The breakout session “The Intersectional Nature of Youth Activism Today” featured advocates from Love Heals and Mobile Print Power, and focused on the importance of young people and their role in activism. During a discussion between the younger and older individuals in the room about how adults can respect the ideas and opinions of young people, an older participant declared, “You are never too old to learn anything.” Another stressed the significance of being open to the issues important to young people.
At “Transwomen Living with HIV: Addressing an Unjust Burden and Working to Ensure Resilience,” another breakout session, three transgender women activists shared their personal stories about living with HIV and shed light on the many injustices transgender women face, including violence, discrimination and stigma. Panelist Kiara St. James noted, “Trans women are not HIV positive because they are trans. They are HIV positive due to lack of resources.”
The luncheon celebration honored Esther M. Y. Lok, Gina Quattrochi and Linda H. Scruggs for their HIV advocacy. Quattrochi, the driving force behind Bailey House, passed away in December. Iris House board members and staff also surprised executive director Floyd by honoring her for her work. The luncheon concluded with a panel discussion championing the leadership of women that included Raven Lopez, who was featured on the August 1996 cover of POZ.
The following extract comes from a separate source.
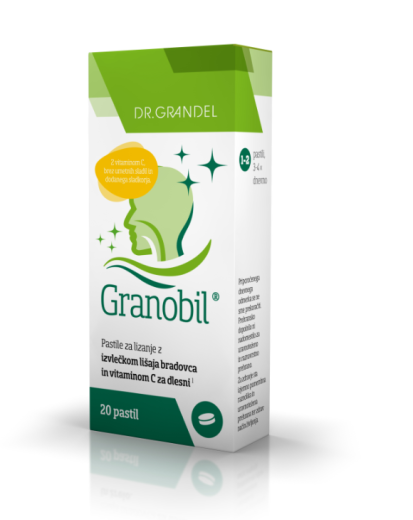 Granobil pastile, 20 pastil Granobil pastile, 20 pastil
One of the afternoon breakout sessions focused on a new campaign produced by Iris House, Voces Latina and photographer Duane Cramer that was funded by a grant from ViiV Healthcare. Titled “Love Your Life,” the initiative is aimed at women of color, specifically Black and Hispanic women, and was launched on March 10 during National Women and Girls HIV/AIDS Awareness Day.
With positive messages and vibrant, attractive images, the bilingual (English and Spanish) campaign aims to encourage women to become engaged in HIV awareness and prevention and to address the stigma associated with it. It features women of various ages and races, and serves as a call to action for all women to take personal responsibility for their life and health.
Campaign materials are available for anyone to download at www.loveyourlife.org or www.amatuvida.org. Both Iris House and Voces Latina are working on ways to further spread the campaign’s message, including sending printed hand fans to churches around the city.
The Iris House summit was a fantastic event filled with much needed women empowerment and love. It was beautiful to see so many women and allies come together to address how HIV affects this specific population and what we can all do to help end the epidemic. And it served as a reminder that if we keep up the work we’re doing now and never lose sight of our goal, we can end AIDS.